The following advisory opinion is issued in response to a request submitted by Paul Kietzman (“Kietzman”), Deputy Counsel with the New York State Office of Mental Retardation and Developmental Disabilities (“OMRDD”), requesting that the Commission reconsider Advisory Opinion No. 94-15 which held that, because of the two-year bar of Public Officers Law §73(8)(a)(i), former OMRDD employees are prohibited from providing medical and clinical services to clients of their former agency residing in OMRDD operated facilities, but may treat OMRDD clients residing in community facilities operated by providers. OMRDD requests reconsideration because compliance with Advisory Opinion No. 94-15 interferes with the continuity of care for the agency’s clients living in OMRDD operated facilities and is likely to affect their clinical progress.

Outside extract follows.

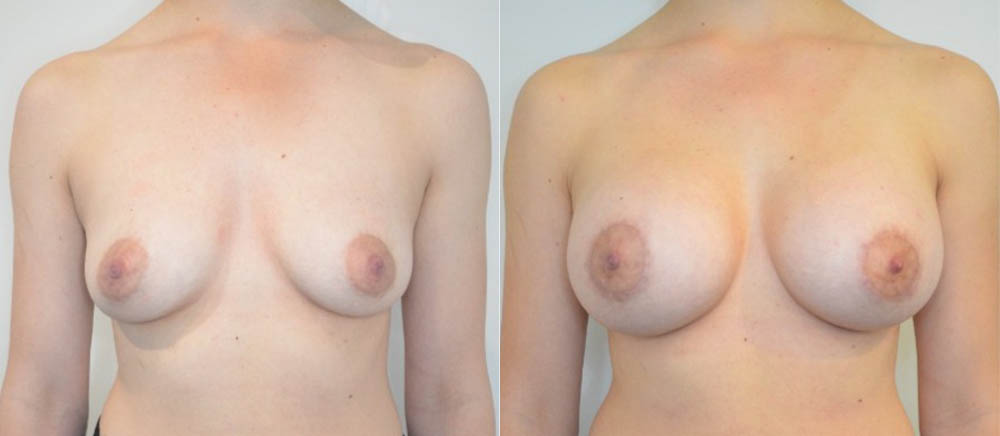 Breast Lift case #30786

Pursuant to the authority vested in it by Executive Law §94(15), the New York State Ethics Commission (“Commission”) renders its opinion hereby reaffirming its precedent in Advisory Opinion No. 94-15, and holds that the two-year bar prohibits the employee in question from providing clinical services to agency clients residing in OMRDD operated residences. However, he may continue to treat clients that he served in his private practice prior to becoming a State employee even though the clients currently live in OMRDD operated facilities.

BACKGROUND

OMRDD currently has a part-time psychiatrist who provides clinical services to an Article 16 OMRDD operated clinic in [ ], New York. The individual in question has not been designated as a policymaker. In order to devote more time to his private practice, he resigned effective [DATE]. He has offered to continue to treat some of his OMRDD clients in his private practice. The psychiatrist’s caseload while at OMRDD was approximately 200 patients and Kietzman expects that less than 10 are likely to choose to go to the psychiatrist’s private practice(1). Payment for the patient-client services would be made to the doctor by Medicaid.

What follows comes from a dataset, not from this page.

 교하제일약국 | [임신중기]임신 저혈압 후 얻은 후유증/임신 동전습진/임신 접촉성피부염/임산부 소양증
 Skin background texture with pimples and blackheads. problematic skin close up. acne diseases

Kietzman argues that the psychiatrist should be able to continue to treat clients residing in OMRDD operated facilities because several of them have unique behavioral problems and will find it difficult to transition to a new doctor who has yet to be hired by OMRDD. The former employee in question has worked a year with most of these individuals and continuity of treatment is crucial if their behaviors are to be stabilized and maintained.

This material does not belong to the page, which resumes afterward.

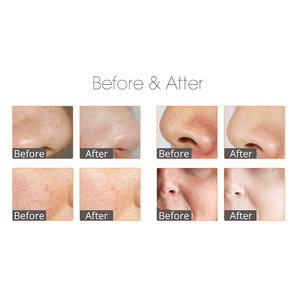 Thiết Bị Làm Đẹp Máy Lột Da Mặt Bằng Nước Bọt Nước Đá Nhỏ Mới - Product Image 4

Kietzman also notes that several of the OMRDD clients are individuals that the psychiatrist saw previously in his private practice before he began work for the State agency. The clients’ cases were transferred to the agency from the psychiatrist’s private practice for logistical reasons. Thus, Kietzman argues that these individuals would be losing their long time treating psychiatrist.

In addition, Kietzman asserts that several clients who live in OMRDD operated homes were serviced by this psychiatrist but in his private practice, apparently as an outside activity. Under the Commission’s precedent, they will not be able to continue to receive services from him for two years once he leaves State service.
Finally, individuals in OMRDD operated residences who were not assigned to the psychiatrist would be prohibited from seeing the psychiatrist for the next two years. Kietzman argues that OMRDD would lose valuable and needed resources as psychiatric services for the agency’s clients are very limited.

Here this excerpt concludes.